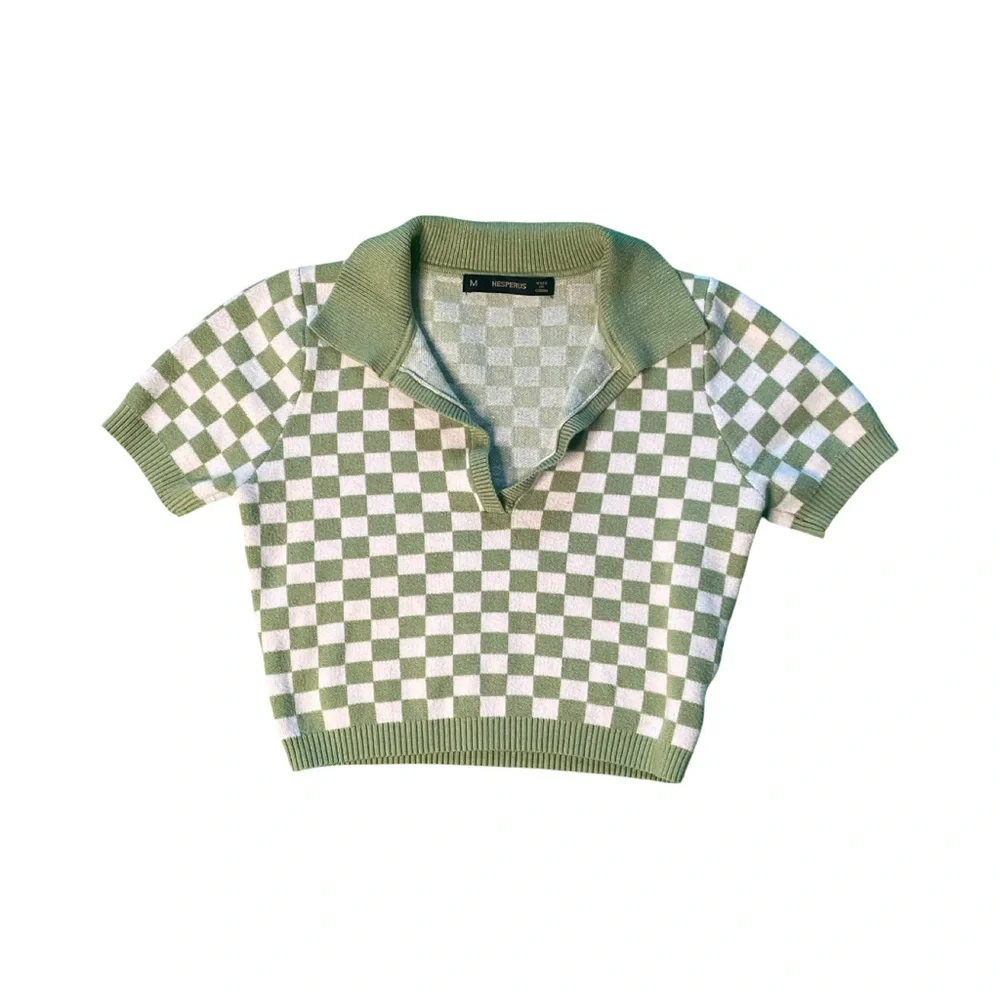Hesperus Green Checkered Collared Crop Top Sweater Short Sleeve (Size M) - Picture 2 of 8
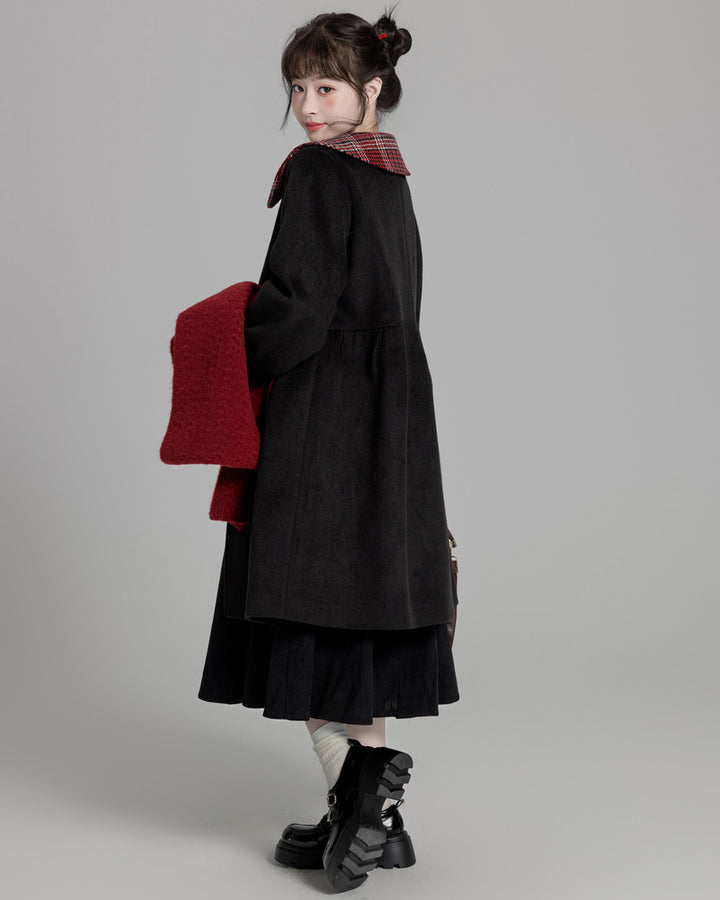 Chic Black / Gray College-style Coat for Fall and Winter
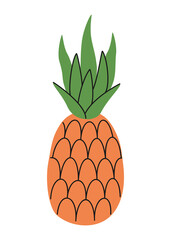 Hand drawn cute summer illustration of pineapple or ananas. Flat vector fresh fruit in simple colored doodle style. Tropical exotic raw food icon or print. Isolated on white background.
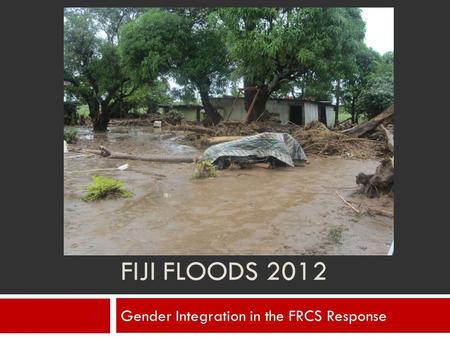 FIJI FLOODS 2012 Gender Integration in the FRCS Response.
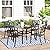 MFSTUDIO Metal Patio Dining Sets for 4, Outdoor Dining Sets with 1.57” Umbrella Hole, 4 Garden Backyard Metal Chairs and Larger Square Patio Table, Black
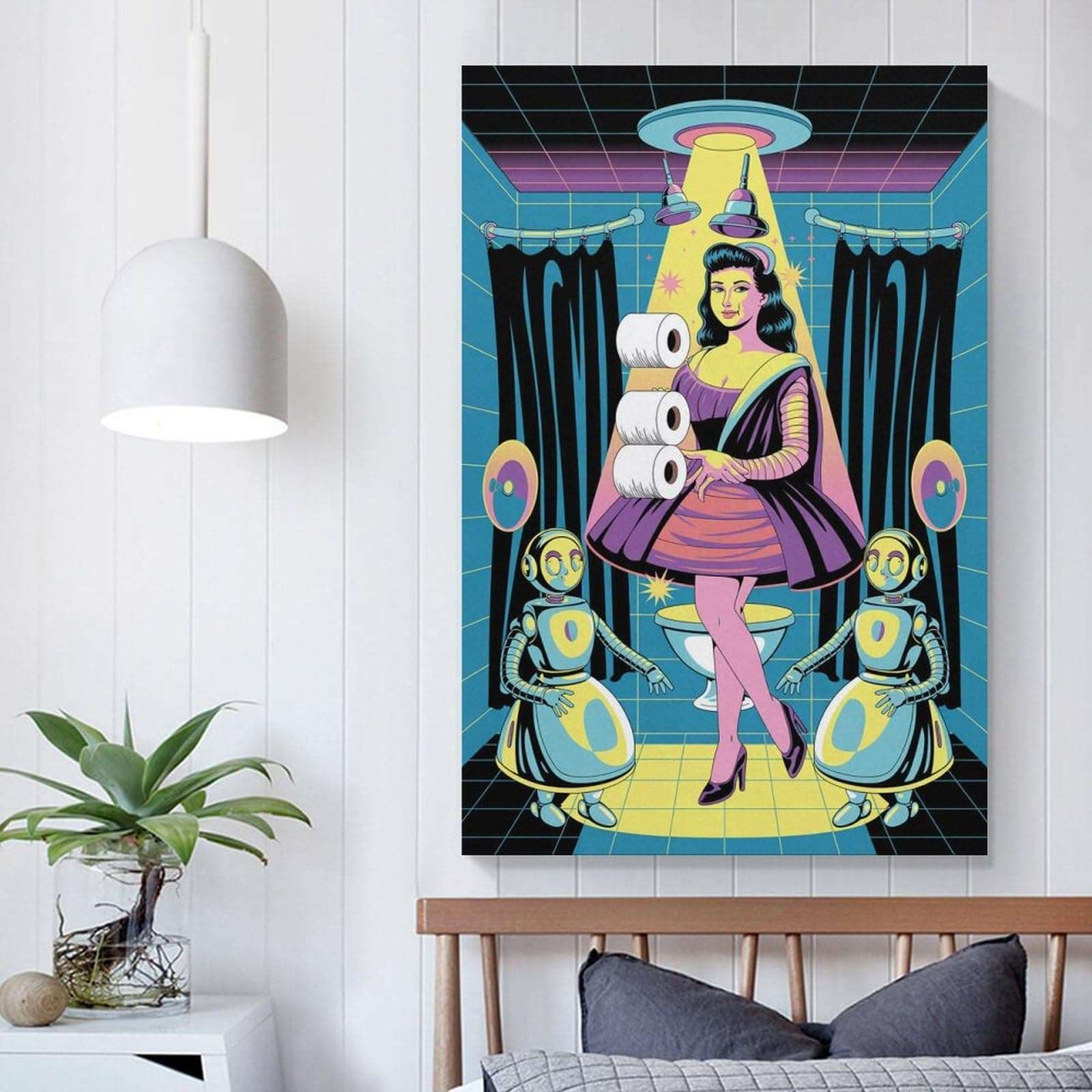 Whimsical Bathroom Decor UFO Scrubber Beehive Hair & Atomic Age Blacklight Curtains Canvas Poster Unframe-style 16x24inch(40x60cm) 6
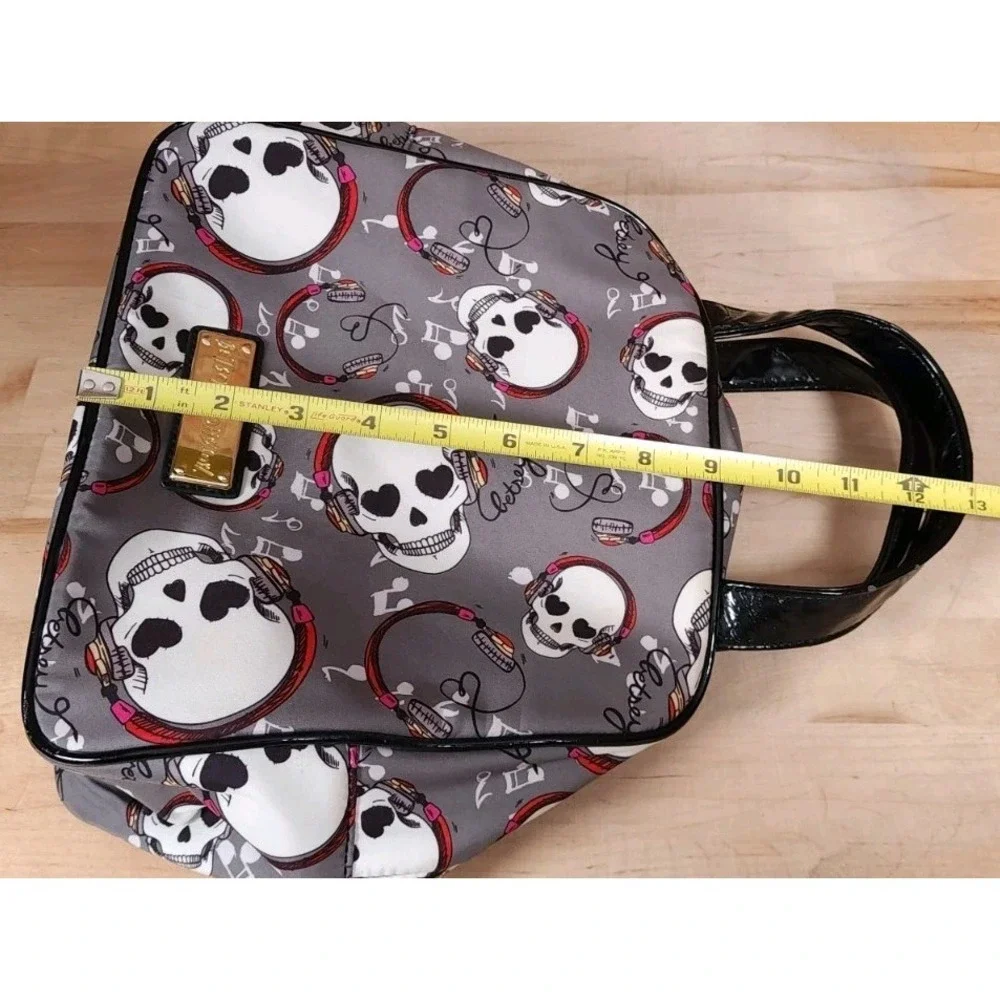 Betsey Johnson‎ Gray Red Skull Headphones Cosmetic Travel Bag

::::::::

- [TRY IT]
Beginning with the line containing "FIJI FLOODS 2012" and ending with the last line of the listing above, output those lines exactly as written, without pictures.

- [OUTPUT FOR THIS TASK]
 FIJI FLOODS 2012 Gender Integration in the FRCS Response.
 MFSTUDIO Metal Patio Dining Sets for 4, Outdoor Dining Sets with 1.57” Umbrella Hole, 4 Garden Backyard Metal Chairs and Larger Square Patio Table, Black
 Whimsical Bathroom Decor UFO Scrubber Beehive Hair & Atomic Age Blacklight Curtains Canvas Poster Unframe-style 16x24inch(40x60cm) 6
 Betsey Johnson‎ Gray Red Skull Headphones Cosmetic Travel Bag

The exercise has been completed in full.